BOULDER — As the Colorado men’s basketball team fades in the west, reality is trumping wishful thinking.

First-year coach Tad Boyle did an admirable job of selling the implausible idea that a team can win consistently in one of the nation’s top basketball conferences with neither size nor depth.

For a little while, the Buffaloes actually made it look possible. Through their first three conference games, not only were they 3-0, they had outrebounded all three opponents with a team that doesn’t have a single healthy, capable big man.

“It’s really a challenge,” Boyle admitted Wednesday, a couple of hours before a heart-wrenching overtime loss to Texas A&M that all but doomed CU’s chance to go to the NCAA Tournament for the first time since 2003.

“Our tallest guy’s 6-8. We’re undersized every night we step out. A&M brings in three guys off the bench that are bigger than our starting center.”

Not to mention the fact that CU’s starting “center,” Austin Dufault, is actually a finesse forward who averages fewer than five rebounds a game.

Boyle’s plan was to compensate for his lack of size with speed, trying to replicate what Doug Moe did with the Nuggets in the 1980s — dominate at high altitude by running opponents out of the gym.

“I’ve never put myself in the category of Doug Moe, because he’s a Hall of Fame coach, but I do think he had it figured out in Denver, the way that they wanted to play,” Boyle said. “That’s why they were so good at home.”

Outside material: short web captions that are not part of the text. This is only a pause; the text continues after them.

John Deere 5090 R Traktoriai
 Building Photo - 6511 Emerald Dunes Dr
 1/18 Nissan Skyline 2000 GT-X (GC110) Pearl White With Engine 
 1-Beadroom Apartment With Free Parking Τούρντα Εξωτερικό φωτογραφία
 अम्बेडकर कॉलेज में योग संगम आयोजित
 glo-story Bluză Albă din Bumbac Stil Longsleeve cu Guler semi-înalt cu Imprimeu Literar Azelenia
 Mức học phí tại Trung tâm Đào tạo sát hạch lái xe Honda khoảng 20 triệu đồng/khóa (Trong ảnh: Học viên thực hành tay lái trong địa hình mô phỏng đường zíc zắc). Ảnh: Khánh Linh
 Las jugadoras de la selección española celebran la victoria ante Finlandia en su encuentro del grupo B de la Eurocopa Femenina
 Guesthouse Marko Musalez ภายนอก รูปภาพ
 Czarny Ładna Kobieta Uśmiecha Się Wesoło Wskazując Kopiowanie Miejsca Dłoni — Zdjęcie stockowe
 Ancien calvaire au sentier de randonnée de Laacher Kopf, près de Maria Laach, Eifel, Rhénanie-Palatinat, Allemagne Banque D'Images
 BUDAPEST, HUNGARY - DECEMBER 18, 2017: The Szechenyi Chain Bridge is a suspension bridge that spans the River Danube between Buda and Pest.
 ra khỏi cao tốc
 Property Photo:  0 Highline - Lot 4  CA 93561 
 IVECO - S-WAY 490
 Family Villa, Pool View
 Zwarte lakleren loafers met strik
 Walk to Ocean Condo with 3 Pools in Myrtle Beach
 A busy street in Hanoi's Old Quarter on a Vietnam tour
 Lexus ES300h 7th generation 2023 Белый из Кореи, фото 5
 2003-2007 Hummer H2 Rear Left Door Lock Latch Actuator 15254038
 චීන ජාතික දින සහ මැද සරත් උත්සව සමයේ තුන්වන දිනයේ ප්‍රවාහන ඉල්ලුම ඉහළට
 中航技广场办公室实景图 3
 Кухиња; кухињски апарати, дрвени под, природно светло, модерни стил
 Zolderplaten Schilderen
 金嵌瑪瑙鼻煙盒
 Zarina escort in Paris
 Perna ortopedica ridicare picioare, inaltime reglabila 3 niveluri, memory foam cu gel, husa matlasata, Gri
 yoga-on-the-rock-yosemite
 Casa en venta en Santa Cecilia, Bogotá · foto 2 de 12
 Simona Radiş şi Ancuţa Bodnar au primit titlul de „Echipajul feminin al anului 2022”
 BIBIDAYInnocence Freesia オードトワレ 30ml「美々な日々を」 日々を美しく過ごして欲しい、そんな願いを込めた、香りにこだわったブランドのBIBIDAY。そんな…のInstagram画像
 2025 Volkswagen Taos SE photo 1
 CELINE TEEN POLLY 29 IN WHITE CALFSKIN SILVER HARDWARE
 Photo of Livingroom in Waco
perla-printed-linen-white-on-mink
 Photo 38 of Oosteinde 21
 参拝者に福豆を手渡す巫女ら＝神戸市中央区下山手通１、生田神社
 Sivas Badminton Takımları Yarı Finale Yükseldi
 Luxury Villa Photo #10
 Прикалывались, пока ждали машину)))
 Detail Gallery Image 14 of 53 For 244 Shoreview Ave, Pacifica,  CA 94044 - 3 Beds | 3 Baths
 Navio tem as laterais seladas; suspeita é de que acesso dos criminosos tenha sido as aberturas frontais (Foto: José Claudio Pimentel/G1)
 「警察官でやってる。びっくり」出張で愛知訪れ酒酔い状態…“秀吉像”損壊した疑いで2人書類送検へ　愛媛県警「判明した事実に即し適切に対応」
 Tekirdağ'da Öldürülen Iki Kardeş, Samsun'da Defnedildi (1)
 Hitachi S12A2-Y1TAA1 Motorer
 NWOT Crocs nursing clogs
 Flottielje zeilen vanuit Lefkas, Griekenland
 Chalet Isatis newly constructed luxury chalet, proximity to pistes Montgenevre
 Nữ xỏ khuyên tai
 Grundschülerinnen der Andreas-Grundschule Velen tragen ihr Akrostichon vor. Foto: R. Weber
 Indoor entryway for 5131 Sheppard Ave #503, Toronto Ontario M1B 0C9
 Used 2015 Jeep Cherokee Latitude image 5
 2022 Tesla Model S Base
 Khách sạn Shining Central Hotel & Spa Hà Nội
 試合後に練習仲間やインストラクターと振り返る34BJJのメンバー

Actually, Moe is not in the Hall, nor is he likely to be, given traditionalists’ disdain for his free-form offense. But Moe knew something that Boyle claims not to believe — if you want to run, you need big men to rebound your opponent’s misses and launch the transition game.

They don’t have to be particularly good big men. In fact, Moe specialized in big stiffs like Danny Schayes and Blair Rasmussen. But they were 7-footers who could do two things: hit the medium-range jumper and rebound.

Boyle insists size is overrated when it comes to rebounding.

“If you look at those first three games, we rebounded,” he pointed out. “We outrebounded our opponents by an average of 12.7 boards in those three games.”

True enough, but winning the battle of the boards with guards and small forwards, as the Buffs did against Missouri, Kansas State and Oklahoma State, requires tremendous energy. Which is where depth comes in. Unfortunately, the Buffs don’t have that either.

“Cory’s a good example,” Boyle said of senior guard Cory Higgins. “I can’t tell you how many times I’ve looked at the stat sheet after games and I’m like, ‘Man, I played him too much.’ To play at the pace we want to play, at the intensity we want to play, it’s hard for a guy to play 37 minutes a game. He needs to be playing 29-30 at the pace we want him to play, and then we’re bringing in another guy and we’re coming in waves. That’s when you can really see the effects of speed.”

Higgins’ senior season might have been a different story had center Shane Harris-Tunks, the only capable big man on the roster, not torn his ACL back in October. In his absence, the Buffs’ leading rebounder has been willowy 6-foot-7 freshman forward Andre Roberson.

With neither size nor depth, Boyle’s best players are all guards. And he plays the four of them — Higgins, Alec Burks, Marcus Relphorde and Levi Knutson — virtually the entire game. And so perhaps it was not coincidental that against the Aggies on Wednesday night, his team shot .478 from the floor in the first half, .370 in the second and .250 in overtime.

Opponents have figured out that if they hit the offensive glass, CU can’t run out on them. The Aggies had 15 offensive boards. And if they pack it in at the defensive end, it’s harder for Burks and Higgins to slash to the basket, which is their specialty.

For all of that, they would have beaten the Aggies but for a defensive lapse — a miscommunication on a switch — with two seconds remaining in regulation. That’s how close Boyle’s unconventional strategy came to beating a ranked team for the third time this season.

Good recruiting can solve these problems, but it will be too late for Higgins, and possibly for Burks, depending upon when the Buffs’ best player elects to declare for the NBA draft.

This is Jeff Bzdelik’s legacy, and for now, Boyle has to live with it. Bzdelik recruited two wonderful wing players in Burks and Higgins — and very little else. Boyle’s job now is to fill in all those blanks.